Furthermore, the so-called “Chou’ab Al Assila” (as well as the Hebraic local school) are going to be abolished and changed into a higher education degrees. To be a good Islamic/Jewish scholar does not require one to start very early. A High education degree can do just as fine. The Islamic studies post-baccalaureate degrees are to be centralized into centres for religious students, alongside the other Monotheist religions at the same level as Christian and Jewish studies, and part of the Humanities curriculum.

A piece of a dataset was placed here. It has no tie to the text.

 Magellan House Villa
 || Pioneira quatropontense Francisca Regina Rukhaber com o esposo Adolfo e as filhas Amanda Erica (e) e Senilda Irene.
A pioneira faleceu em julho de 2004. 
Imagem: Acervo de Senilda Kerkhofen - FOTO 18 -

Indeed, one each university will therefore have a Humanities Department that encompasses Philosophy, Anthropology, Sociology, Religious Studies, etc… with no subject given a pre-eminence over the others (as it is the practise nowadays) Dar Al Hadit Al Hassannia will be merged with Institutes of Hebraic and Christian studies into a structure similar to the French EHESS (a Grande Ecole-like that will produce social scientists rather than sole narrow-minded scholars)

III. Law

Since I am no lawyer, I should defer the matter to my much competent colleague on the matter. But I would like beforehand to state some broad principles on how secular laws can be implemented. Obviously a lot of people will be upset about the changes, and they should be given a chance to express their grieves, within the boundaries of freedom of religion as the new constitution guarantees. The federal option is, in that sense, a good compromise in the sensitive balance between rule by majority and cornerstone individual liberty of belief. The federal constitutions can state broad –but sufficiently well defined- principles on the need to keep religion and religious matters out of politics, and will guarantee so by means of federal court enforcement of the constitutional rule, but regional parliament, following the political tides, can implement laws and regulations –within their own competence- that can be religiously-inspired: they could allow for Islamic Banks for instance, or introduce longer breaks at school to allow for prayer time. They can even issue specific legislation on how discreet restaurant and food-serving businesses can be during Ramadan, but they cannot enforce laws that would undermine the constitutional freedom of individual belief. As far as their attributions are concerned, regional parliaments have a certain say in financial and legislative matters, and if they are controlled by “religious” parties, they can introduce some measures of moral-oriented laws in their own affairs. The essential axiom behind it all is that every one is treated as a grown-up, and is given a chance to prove themselves to be so when managing the public welfare.

Can these measures be implemented? They can, to the extent that the present conservatism among Moroccans is mainly due to economic and material conditions. Indeed, it has been the effect of an explicit policy to turn Moroccans into fanatics, and some are sensible enough to try and reverse these effects with well-meaning policies, yet ineffective and very feeble. But it also has to do with the fact that in troubled and difficult times, religion is the main exit route and is considered to bring hope, comfort and belief in better days –better after-life, one might say-. These policies are contingent on how good this government will manage to bring welfare, good standards of livings and equality among the denizens of this country.